When 2021 Evian Championship victor and seven-time LPGA victor Minjee Lee was spotted caddying for younger brother Min Woo Lee at the Masters Par-3 contest in Augusta, it sparked observations on how women’s golf didn’t get its own Masters event at the famous old course.
While Minjee Lee does want to see the women’s Masters at Augusta, she also thinks the sport needs to become much more accessible for younger women. As for the caddying, she says it didn’t just benefit her brother’s game…
RSNG Of course the sight of you caddying for your brother, Min Woo Lee, led to an intensified debate about a Women’s Masters at Augusta National. How do you feel about that?
MINJEE LEE “Those sorts of decisions are never for the golfers themselves to decide. Naturally as a female golfer I am always grateful for the opportunities given in this era, and I can see the pace at which the game is moving on. We are still a huge distance from where we were a generation ago, so that is something to be glad about.
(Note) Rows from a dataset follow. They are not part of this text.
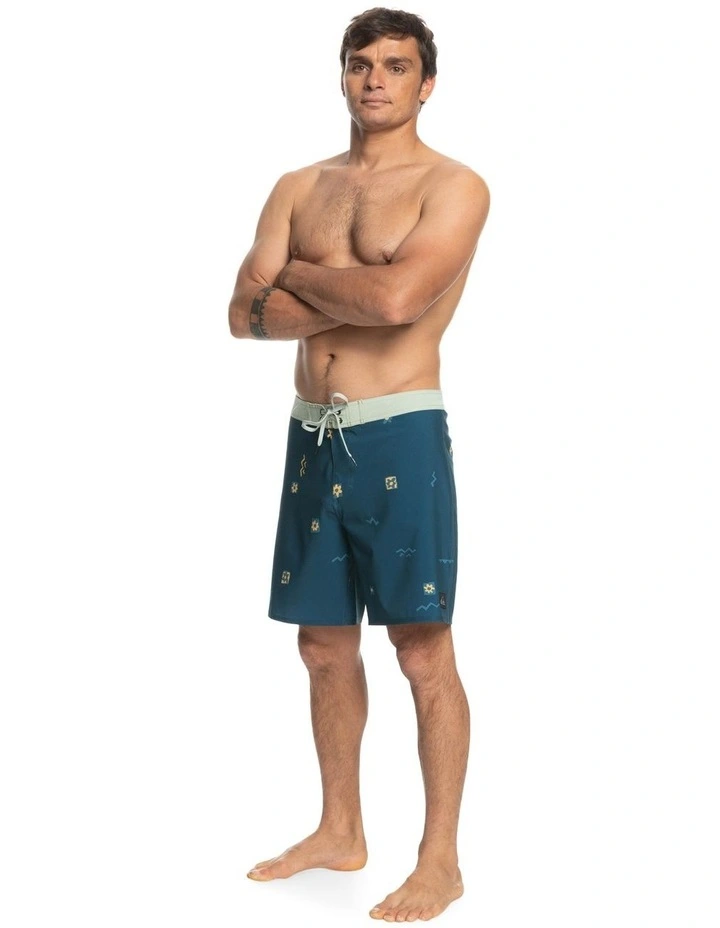 Best Pirce π― Quiksilver Surfsilk 69 18" Boardshort In Majolica Blue π 4 Best Pirce π― Quiksilver Surfsilk 69 18" Boardshort In Majolica Blue π - Image 4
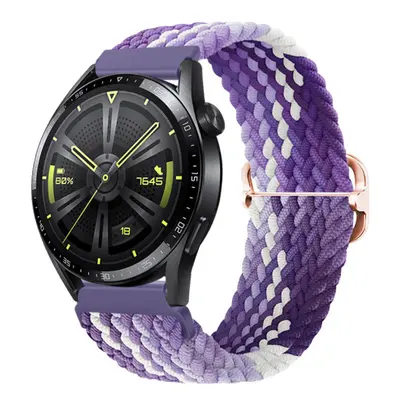 BStrap Elastic Nylon szíj Garmin Vivoactive 5, grape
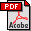 Adobe PDF logo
“Naturally there are further steps forward that we all want the women’s game to take, and having a Masters at Augusta I think would be one of the final pieces of the jigsaw.”
The natural growth of the women’s game goes right the way down to the accessibility of golf for girls growing up all around the world
RSNG Do you think it will happen?
MINJEE LEE “Personally, I think there are a lot of other things that need to be put in place first. The natural growth of the women’s game is the main thing – it needs to be made to evolve under its own weight, and that goes right the way down to the accessibility of golf for girls growing up all around the world.
“We all want to get to the end point quickly, and I truly believe it will come, because women’s golf has never been in better shape.”
RSNG Were you surprised or disappointed at the negative reaction to you caddying for your brother?
MINJEE LEE, LPGA TOP TEN GOLFER “Not really surprised or disappointed. It doesn’t matter to me. I am not playing golf as a statement for women in the sport or men in the sport. For me it’s about enjoying playing the game, and for me that is caddying as well as when I’m on a course with a club in my hand.
“Ultimately there is no-one who wants my brother to do better than me, so if I felt I could help and advise him on the way then certainly I would love to put myself on the course and in his ear for each shot and each hole, and I was actually very grateful and very proud to do that.”
RSNG Were you nervous?
MINJEE LEE “Yes I actually found it very nerve-wracking. The whole thing! It is much easier when you are playing – it is much easier when you have the control and the ability to affect your game with a club in your hand.
“It is the same thing you hear of Ryder Cup captains. It is a huge honor to be able to lead your team, but there is a feeling of hopelessness because the work is being done by others!
“Once I managed to calm the nerves I had for my brother though, I did find it a lot of fun, I will admit. I knew it would be good for him to have me there too, and the whole family came out to support him.
“He had a good finish and hopefully that gives him a lot of confidence for the rest of the year, and next season.”
It can be very easy to lean on the understanding of someone else – but that can sometimes give you an excuse when a shot goes wrong
RSNG You must feel a special unity with your brother?
MINJEE LEE “It is a journey we have been on many times together. It is perhaps new for other people to see me caddying for him, but of course I have done that before, as he has for me, so for us it felt very natural.
“We have always played the sport as a family so it felt, and feels like, the most consistent thing and we would never want that to be any other way. It is special to us and important, and that is all that matters.”
RSNG Would you recommend other golfers caddy so as to see things from the other side?
MINJEE LEE “Definitely. It is a different way of shaping and planning what you do in the game. Many golfers are not used to being the sole decision-makers on shots, and actually removing the advice from someone else is a good exercise because it intensifies your perception and understanding of what’s around you.
“It really makes you think about the tools you have and the conditions that surround you. It can be very easy to lean on the understanding of someone else, but that can sometimes give you an exit route, an excuse, when a shot goes wrong.
“For me, it’s useful sometimes to be wholly involved in the responsibility of both the planning of the shot and the execution of it.”